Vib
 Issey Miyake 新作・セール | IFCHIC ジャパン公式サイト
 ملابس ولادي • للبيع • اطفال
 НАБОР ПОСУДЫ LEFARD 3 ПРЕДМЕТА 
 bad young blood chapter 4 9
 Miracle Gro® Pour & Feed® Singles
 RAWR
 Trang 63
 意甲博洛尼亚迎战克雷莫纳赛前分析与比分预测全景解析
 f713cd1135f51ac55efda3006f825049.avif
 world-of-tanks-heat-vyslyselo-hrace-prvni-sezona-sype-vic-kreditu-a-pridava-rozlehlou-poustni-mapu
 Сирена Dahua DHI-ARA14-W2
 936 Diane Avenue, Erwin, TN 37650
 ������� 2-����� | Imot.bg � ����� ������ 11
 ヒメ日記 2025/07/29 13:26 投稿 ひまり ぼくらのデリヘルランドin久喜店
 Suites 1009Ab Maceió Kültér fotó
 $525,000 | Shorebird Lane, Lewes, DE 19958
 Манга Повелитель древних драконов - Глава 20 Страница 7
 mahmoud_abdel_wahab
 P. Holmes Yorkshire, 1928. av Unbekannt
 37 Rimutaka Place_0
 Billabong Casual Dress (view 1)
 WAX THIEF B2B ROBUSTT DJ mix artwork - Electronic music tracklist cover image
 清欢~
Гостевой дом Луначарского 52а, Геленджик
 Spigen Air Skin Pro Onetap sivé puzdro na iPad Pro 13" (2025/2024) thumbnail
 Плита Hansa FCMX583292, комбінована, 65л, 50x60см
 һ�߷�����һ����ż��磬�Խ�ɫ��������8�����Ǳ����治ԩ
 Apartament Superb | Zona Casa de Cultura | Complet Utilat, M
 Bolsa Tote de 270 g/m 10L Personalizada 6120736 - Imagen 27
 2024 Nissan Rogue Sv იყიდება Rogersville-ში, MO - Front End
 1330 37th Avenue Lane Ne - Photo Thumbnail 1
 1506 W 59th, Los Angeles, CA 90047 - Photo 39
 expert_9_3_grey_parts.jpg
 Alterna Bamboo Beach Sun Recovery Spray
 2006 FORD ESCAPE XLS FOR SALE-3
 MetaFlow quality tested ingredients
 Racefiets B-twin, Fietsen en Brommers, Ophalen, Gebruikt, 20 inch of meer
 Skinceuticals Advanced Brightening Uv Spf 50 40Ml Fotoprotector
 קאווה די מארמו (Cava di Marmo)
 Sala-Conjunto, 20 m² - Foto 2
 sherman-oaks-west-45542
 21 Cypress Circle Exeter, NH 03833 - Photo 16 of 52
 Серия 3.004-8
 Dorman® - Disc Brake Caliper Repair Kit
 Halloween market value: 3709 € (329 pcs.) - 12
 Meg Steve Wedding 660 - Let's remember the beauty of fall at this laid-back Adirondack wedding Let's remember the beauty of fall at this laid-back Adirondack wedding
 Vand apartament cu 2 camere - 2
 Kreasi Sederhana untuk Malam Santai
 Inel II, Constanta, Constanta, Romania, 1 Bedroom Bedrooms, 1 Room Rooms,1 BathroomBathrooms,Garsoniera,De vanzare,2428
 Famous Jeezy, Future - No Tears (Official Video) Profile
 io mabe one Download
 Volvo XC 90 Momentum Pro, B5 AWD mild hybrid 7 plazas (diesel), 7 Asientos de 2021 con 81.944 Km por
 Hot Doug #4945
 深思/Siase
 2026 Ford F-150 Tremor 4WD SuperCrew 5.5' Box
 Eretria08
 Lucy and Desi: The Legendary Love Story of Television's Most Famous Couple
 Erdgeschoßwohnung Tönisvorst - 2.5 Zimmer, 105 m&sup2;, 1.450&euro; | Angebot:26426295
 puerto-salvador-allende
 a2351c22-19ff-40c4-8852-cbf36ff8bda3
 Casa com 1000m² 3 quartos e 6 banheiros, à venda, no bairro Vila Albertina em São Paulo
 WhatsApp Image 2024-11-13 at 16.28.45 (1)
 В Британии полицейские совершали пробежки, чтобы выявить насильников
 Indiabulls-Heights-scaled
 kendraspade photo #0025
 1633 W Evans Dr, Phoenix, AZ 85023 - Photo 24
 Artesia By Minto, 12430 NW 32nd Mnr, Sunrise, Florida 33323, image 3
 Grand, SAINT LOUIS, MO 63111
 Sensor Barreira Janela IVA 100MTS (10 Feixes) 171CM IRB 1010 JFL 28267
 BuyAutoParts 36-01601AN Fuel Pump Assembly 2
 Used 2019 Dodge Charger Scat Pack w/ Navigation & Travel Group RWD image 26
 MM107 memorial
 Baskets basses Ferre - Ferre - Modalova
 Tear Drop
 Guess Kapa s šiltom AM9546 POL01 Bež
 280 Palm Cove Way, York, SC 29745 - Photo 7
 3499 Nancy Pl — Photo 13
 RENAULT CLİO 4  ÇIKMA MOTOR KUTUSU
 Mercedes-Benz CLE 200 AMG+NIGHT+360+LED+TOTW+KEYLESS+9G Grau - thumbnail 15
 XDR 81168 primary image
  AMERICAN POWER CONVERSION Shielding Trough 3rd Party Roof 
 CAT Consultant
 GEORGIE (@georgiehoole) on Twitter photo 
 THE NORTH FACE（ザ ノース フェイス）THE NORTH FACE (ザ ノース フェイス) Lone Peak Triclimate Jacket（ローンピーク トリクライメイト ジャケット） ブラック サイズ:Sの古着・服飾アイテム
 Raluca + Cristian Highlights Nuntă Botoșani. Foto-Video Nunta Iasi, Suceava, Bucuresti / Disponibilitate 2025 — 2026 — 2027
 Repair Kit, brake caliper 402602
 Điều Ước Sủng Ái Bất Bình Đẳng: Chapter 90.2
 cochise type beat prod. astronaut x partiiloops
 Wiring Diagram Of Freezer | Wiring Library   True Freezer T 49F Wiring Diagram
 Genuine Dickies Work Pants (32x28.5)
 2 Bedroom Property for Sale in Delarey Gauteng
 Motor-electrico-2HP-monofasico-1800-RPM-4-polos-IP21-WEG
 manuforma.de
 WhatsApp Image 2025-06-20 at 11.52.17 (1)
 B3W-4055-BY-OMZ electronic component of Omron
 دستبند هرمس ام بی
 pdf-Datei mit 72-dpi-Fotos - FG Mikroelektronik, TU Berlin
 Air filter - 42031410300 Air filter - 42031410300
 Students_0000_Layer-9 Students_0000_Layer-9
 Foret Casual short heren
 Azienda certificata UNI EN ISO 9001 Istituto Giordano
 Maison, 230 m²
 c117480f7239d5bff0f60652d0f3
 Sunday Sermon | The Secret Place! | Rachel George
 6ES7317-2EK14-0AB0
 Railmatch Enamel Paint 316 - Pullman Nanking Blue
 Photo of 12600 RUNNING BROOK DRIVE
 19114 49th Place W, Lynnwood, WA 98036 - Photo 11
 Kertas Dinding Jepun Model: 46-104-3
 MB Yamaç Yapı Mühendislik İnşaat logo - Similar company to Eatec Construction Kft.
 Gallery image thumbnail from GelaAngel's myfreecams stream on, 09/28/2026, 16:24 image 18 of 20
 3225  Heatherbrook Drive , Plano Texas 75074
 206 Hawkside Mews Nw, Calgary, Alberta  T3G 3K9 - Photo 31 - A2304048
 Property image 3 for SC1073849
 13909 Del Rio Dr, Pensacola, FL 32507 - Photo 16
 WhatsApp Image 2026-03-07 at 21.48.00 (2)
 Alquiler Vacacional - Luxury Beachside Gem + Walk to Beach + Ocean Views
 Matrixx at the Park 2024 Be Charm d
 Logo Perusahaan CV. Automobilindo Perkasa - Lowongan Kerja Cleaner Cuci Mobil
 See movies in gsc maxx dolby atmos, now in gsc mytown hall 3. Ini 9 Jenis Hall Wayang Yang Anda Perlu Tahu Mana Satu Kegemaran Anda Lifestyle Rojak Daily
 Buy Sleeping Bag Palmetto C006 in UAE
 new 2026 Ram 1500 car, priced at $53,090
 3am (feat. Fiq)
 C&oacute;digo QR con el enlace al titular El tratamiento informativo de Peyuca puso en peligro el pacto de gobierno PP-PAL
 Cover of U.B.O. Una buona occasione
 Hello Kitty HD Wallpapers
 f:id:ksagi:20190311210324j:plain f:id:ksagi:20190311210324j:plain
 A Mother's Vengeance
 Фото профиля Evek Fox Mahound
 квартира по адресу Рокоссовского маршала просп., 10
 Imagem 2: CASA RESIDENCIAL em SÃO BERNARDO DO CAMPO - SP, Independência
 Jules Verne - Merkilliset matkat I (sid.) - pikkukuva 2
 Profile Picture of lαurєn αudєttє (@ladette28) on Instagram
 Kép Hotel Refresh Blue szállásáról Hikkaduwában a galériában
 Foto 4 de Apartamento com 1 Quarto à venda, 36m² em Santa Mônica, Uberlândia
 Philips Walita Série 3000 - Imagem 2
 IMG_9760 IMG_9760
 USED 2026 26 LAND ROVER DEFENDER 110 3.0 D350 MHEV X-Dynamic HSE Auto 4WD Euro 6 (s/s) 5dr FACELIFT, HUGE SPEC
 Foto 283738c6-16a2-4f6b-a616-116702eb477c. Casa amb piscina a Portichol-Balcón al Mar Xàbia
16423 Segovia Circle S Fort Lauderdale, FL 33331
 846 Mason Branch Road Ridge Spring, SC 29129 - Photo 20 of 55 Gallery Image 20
════════════════════
## [WHAT YOU HAVE TO DO]
In the data above, each line holding "Beach" is to be found and copied.

## [WRITTEN REPLY]
 Alterna Bamboo Beach Sun Recovery Spray
 Alquiler Vacacional - Luxury Beachside Gem + Walk to Beach + Ocean Views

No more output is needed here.